# Frame Rate Drops - No load or Bottlenecking on GPU or CPU



## _Ace (Aug 31, 2015)

Hello Guys,

Recently I bought Gigabyte Gtx 960 G1 4 GB Video Card paired with my old Intel i3-540 processor over clocked to 3.8 GHz. 

I am having fps drops in Dota 2 team fights like the fps drops to 35-40 from 60 fps. Rest of the time its constant 60 fps and if v sync turned off then its 120 but drops to 60,70 even 35 fps in team fights. 

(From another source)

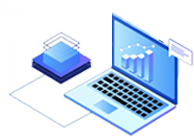 领导扒开我奶罩吸我奶头视频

When Dota 2 is running  my graphics utilization is only 15-25 % when I check it from Geforce experience and processor load shows only 45-60% in real temp. So is it bottlenecking issue or do I need new processor to run Dota 2 and get constant 60 fps in team fights? 

I have updated all the drivers and bios, Intel updates. I have windows 10 pro and is up to date. Tried turning v sync on off and tweaking some other settings but still same issue. Funny thing is when I turn all the settings to low still have some frame drops like 50 or 55 but not constant 60 fps

960 should be able to handle it easily as I have no problems with gta 5, far cry 4 running it to 45-60 fps on very high.

My System

Processor-             i3-540

Motherboard-         Intel DH55TC

Video Card-           Gigabyte Gtx 960 G1 4 GB

Ram-                    Transcend 2 x 4 GB 1333 MHz

Power Supply-        Corsair Vs 450 watts

CPU Cooler-           Cooler Master blizzard T2

Storage-                Western Digital Caviar Blue 1 TB

Monitor-                 lg  e1940 19 in


----------



## rajesh00 (Sep 1, 2015)

Same for me.Early game it does lag.May be its with dota 2 game for loading.Try Changing power management from adaptive to maximum in Nvidia control panel.It solved for me.If it didn't change vsync to adaptive in control panel.It locks at ur screen RR.


----------